Muhammad Asin: Longtime member of Al-Qaida. Believed to have played a major role in the 9/11 attacks. He was a global primary target. The missions in the region of Safed Koh in Afghanistan were a longshot at best. From the start, US forces in the area knew the risk to benefit ratio was bleak, that even if they succeeded the mission would yield little more than intelligence. But when a drone spotted Asin leaving a cave and entering an armored truck, they called in a nearby Seal Team and devised a plan of action to take him out.
The man sitting across from Asin reached into his suit pocket and grabbed his phone. With his hands to his ear he spoke. Asin heard nothing over the piercing howls of the aircrafts rotors.
The man then knocked on the glass to get the pilots attention, said something that Asin couldn’t make out. A few seconds later the helicopter turned swiftly around.
A stiff breeze blew in through the half open window, sending Don’s shoulder-length hair flapping around his face.

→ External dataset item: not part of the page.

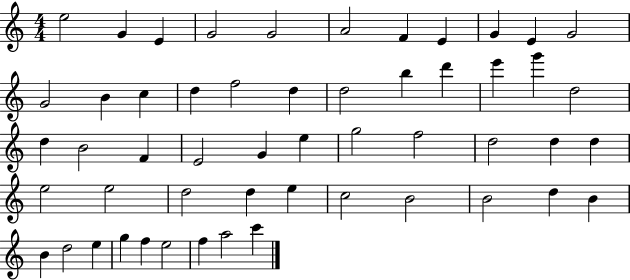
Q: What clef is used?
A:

Stupid window was jammed. Didn’t matter, he would be there soon, and hopefully he wouldn’t be killed when he got there. He shook his head. Yep, they’re going to kill me. Try to anyway. He’d dealt with these guys before. They would be fools to follow through with their bribe, and he would be a fool to believe that his bank account would be any larger when he walked out of the building, and that his heart would still be beating.
He floored the car anyway, roaring the engine and shredding the black top. No going back now.
He pictured himself the following day, his life drastically changed. Just for a moment he imagined what it would look like if everything went smoothly. They’d offered him irresistible terms. He would walk out of the building with five million dollars, a new identity and passport, and a private jet to anywhere the world. That was the agreement anyway, but agreements can be altered. They can be ignored altogether.
He ran the plan over and over again in his head until it hurt to think about it. It wasn’t even a plan anymore, more like a hazy cloud of possibilities and outcomes that was becoming more and more difficult to navigate through. He felt like a kid trying to pull a fast one on his parents. When caught, he knew that trying to explain to them that it was all for their own good would be nearly impossible. If, he reminded himself. If he was caught. He also reminded himself that if he was caught, the state of his own life would be the least of his worries. He was, after all, a sworn servant to his people, and his people were in very grave danger.